As they walked around the WWII Memorial on the National Mall, they stopped and snapped pictures of the 24 relief- sculpture panels that line the memorial. The relief sculptures depict mobilization of Americans during the war in all areas of life.

As Kristina looked at a relief of a family listening to the radio, 84-year-old George Coler tapped her on the shoulder and asked if she knew what she was looking at and then began to explain it.

“I could just picture myself in our living room. We had a radio, ’course that’s before television. ... The radios weren’t the best and made a screeching and squawking noise, and I could picture the family saying, ‘You gotta be quiet; the president’s coming on,’” Coler said.

Then Coler explained the rest of the reliefs and talked about his own experiences as he and the three students walked around the memorial.

SDLqThey really didn’t know what they’re looking at because they had no idea what the war was like and what people had to suffer from and give up or ration,” he added.

Chelsea said she and her friends asked their teacher Nora Novak if Coler could be a WWII veteran. She said possibly and encouraged them to approach Coler again.

“We were shy about going up to him and guessing if he served,” Kristina said.

Chelsea said they went over to him, found out he was a veteran and thanked him for his service. Coler teared up and so did the girls.

“I thought the girls were exceptionally attentive. I really think it was something they were interested in,” Coler said.

Coler served from January 1945 to July 7, 1946, aboard a ship that supplied ammunition to the USS California. He grew up in Beaver Township.

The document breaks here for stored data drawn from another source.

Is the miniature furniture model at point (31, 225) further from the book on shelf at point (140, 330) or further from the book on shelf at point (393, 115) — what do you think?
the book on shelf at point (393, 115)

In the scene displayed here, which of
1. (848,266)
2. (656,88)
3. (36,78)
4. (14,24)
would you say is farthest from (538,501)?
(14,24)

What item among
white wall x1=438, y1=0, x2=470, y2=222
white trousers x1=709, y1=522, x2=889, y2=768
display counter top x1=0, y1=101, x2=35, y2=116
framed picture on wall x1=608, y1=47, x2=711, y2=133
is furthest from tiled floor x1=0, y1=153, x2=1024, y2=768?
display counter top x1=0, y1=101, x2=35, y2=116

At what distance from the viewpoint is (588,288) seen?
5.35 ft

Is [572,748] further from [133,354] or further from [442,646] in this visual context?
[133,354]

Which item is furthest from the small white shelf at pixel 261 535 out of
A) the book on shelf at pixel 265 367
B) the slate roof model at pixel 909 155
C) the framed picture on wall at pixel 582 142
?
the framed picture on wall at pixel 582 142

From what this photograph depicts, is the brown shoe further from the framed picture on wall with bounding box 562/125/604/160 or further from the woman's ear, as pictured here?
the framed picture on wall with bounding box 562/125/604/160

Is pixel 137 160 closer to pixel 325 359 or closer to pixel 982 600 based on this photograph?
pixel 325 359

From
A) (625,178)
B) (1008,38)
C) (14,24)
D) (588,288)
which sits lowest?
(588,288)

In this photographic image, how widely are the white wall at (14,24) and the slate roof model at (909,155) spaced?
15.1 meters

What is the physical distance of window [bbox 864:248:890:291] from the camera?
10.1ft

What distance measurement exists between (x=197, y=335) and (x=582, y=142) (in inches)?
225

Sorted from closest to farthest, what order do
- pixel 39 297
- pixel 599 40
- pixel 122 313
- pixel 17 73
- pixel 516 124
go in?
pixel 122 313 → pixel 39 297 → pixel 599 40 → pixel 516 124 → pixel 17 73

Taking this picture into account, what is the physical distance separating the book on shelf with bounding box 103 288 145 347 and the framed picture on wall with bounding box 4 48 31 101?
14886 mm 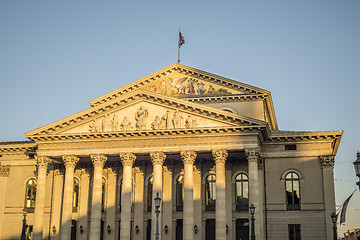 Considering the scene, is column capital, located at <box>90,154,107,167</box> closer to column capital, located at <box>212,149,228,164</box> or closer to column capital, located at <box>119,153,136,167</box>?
column capital, located at <box>119,153,136,167</box>

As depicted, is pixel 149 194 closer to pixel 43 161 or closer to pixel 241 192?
pixel 241 192

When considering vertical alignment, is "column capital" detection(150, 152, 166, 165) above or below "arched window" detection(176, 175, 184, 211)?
above

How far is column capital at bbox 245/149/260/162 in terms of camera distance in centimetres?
4016

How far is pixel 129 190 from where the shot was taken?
42.2 meters

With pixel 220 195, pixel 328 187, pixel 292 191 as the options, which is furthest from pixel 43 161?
pixel 328 187

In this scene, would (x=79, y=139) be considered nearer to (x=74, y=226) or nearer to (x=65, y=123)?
(x=65, y=123)

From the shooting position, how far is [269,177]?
146ft

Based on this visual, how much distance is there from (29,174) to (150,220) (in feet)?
48.7

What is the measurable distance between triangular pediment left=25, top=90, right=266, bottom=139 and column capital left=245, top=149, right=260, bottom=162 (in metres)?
2.23

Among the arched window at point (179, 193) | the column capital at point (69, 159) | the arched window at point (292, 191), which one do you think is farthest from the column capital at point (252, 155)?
the column capital at point (69, 159)

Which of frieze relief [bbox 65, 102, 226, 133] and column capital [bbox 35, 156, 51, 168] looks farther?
column capital [bbox 35, 156, 51, 168]

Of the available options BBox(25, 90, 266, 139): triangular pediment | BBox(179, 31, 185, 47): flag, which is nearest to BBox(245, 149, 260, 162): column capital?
BBox(25, 90, 266, 139): triangular pediment

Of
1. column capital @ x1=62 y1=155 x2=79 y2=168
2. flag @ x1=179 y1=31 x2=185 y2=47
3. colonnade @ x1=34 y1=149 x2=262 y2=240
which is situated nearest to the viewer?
colonnade @ x1=34 y1=149 x2=262 y2=240

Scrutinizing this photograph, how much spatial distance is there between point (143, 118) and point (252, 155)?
10.4m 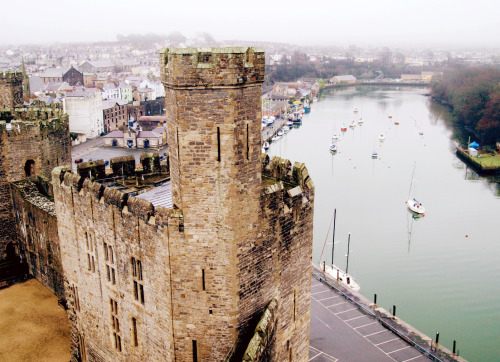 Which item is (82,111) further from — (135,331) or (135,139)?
(135,331)

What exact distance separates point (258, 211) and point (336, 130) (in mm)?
73226

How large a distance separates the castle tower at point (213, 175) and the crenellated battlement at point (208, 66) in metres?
0.02

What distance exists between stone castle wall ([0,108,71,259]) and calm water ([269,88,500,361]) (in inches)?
717

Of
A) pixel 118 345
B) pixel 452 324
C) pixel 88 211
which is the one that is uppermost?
pixel 88 211

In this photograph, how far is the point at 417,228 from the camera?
38500 mm

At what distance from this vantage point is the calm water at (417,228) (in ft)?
85.8

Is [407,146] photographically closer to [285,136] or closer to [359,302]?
[285,136]

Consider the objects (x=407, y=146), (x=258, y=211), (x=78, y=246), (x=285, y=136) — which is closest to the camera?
(x=258, y=211)

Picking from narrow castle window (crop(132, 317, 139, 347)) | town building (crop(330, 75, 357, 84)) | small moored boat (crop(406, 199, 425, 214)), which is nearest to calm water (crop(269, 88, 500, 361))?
small moored boat (crop(406, 199, 425, 214))

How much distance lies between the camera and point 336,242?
34.8 meters

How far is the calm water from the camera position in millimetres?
26156

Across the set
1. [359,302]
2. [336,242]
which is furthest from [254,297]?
[336,242]

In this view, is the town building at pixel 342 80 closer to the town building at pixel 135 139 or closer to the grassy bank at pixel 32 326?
the town building at pixel 135 139

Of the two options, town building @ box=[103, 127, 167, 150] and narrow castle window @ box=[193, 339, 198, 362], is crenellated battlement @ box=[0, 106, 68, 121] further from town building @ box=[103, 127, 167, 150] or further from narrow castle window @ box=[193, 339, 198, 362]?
town building @ box=[103, 127, 167, 150] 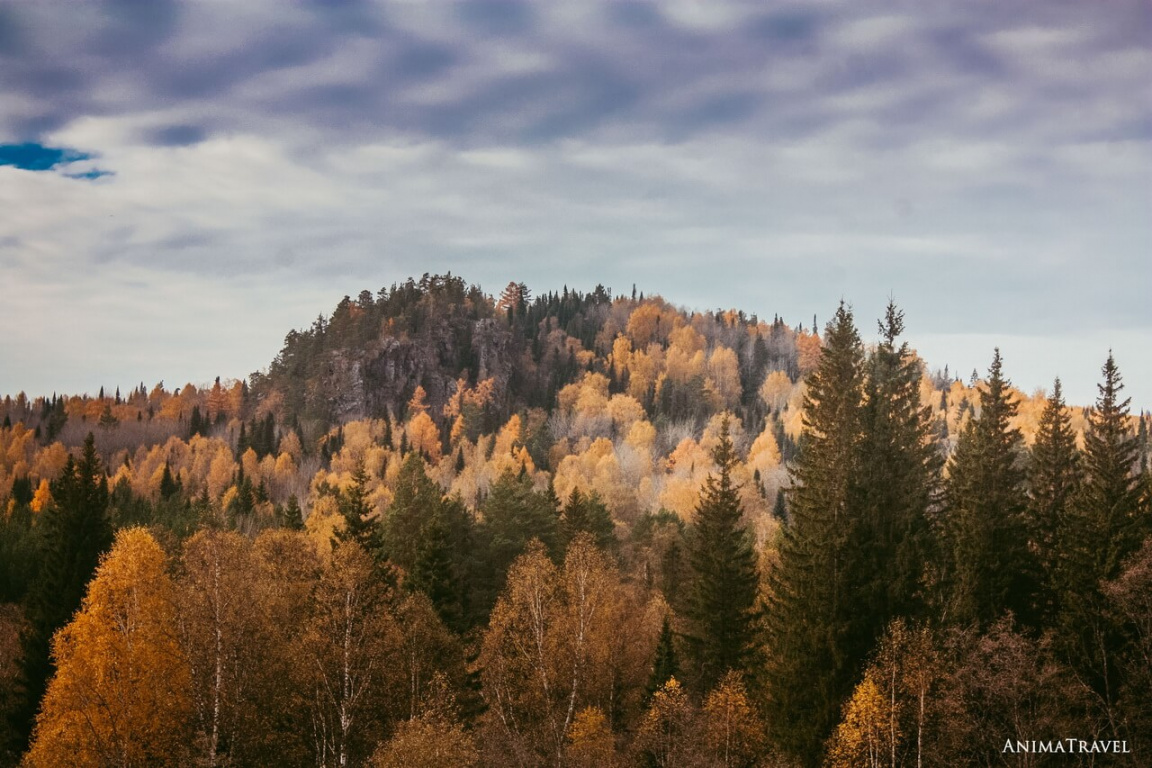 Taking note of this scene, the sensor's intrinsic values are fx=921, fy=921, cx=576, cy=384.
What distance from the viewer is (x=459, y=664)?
43594mm

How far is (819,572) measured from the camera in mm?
39719

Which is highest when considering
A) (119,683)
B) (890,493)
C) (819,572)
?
(890,493)

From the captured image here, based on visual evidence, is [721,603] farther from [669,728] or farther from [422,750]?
[422,750]

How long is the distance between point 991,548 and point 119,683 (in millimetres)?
38116

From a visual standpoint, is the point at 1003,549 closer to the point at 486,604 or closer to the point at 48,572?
the point at 486,604

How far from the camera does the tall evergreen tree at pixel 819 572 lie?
3816 cm

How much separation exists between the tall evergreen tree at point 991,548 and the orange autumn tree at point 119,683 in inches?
1314

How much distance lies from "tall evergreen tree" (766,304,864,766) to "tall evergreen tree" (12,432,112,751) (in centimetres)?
3376

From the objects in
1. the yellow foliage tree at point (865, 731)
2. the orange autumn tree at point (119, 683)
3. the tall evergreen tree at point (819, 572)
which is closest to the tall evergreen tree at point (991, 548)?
the tall evergreen tree at point (819, 572)

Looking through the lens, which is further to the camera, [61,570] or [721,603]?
[721,603]

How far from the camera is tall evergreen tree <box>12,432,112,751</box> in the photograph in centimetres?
4453

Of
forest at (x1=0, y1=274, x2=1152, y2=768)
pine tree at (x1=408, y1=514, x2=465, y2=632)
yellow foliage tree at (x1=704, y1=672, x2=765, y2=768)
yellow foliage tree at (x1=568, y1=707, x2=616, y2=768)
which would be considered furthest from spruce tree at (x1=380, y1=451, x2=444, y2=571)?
yellow foliage tree at (x1=704, y1=672, x2=765, y2=768)

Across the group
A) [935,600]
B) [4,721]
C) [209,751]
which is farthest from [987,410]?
[4,721]

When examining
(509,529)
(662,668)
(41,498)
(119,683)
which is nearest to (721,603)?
(662,668) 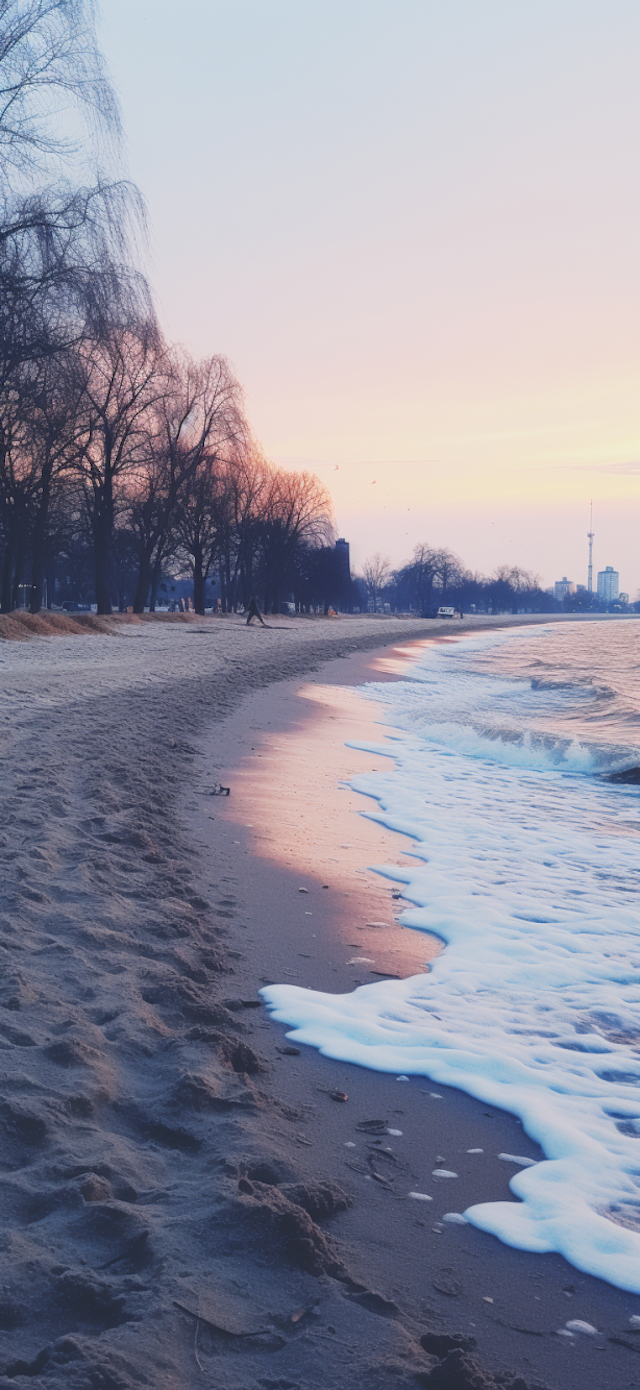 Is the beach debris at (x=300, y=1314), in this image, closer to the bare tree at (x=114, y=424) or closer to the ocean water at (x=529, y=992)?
the ocean water at (x=529, y=992)

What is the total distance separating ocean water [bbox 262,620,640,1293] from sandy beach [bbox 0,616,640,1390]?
0.13 m

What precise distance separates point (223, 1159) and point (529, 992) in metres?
2.24

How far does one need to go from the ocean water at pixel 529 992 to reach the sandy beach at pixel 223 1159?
0.42 ft

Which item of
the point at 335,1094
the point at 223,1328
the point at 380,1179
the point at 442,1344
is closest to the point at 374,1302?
the point at 442,1344

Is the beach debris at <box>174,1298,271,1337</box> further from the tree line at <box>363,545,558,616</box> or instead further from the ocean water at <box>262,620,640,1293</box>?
the tree line at <box>363,545,558,616</box>

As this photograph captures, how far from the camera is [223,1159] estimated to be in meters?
2.60

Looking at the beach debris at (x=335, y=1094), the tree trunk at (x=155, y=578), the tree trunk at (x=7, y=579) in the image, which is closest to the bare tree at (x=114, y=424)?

“I was 16 going on 17. I enlisted in January and my birthday was in February. I had to have my parents sign a slip for me to go into the service,” he said.

Coler visited the WWII Memorial with several family members, one of whom took pictures of Coler talking to the girls and posted them on Facebook. Before long, a friend of a friend contacted Chelsea and asked about the story behind the pictures.

Soon the Coler family realized the girls were South Range students — and the girls realized Coler was from Canfield.

Thanks to social media, Novak said the girls will get to meet Coler again at a June 7 awards assembly at the middle school.

“I think a lot of students may have distanced themselves. But this small act of kindness made a difference not only to George, but to his whole family,” Novak said.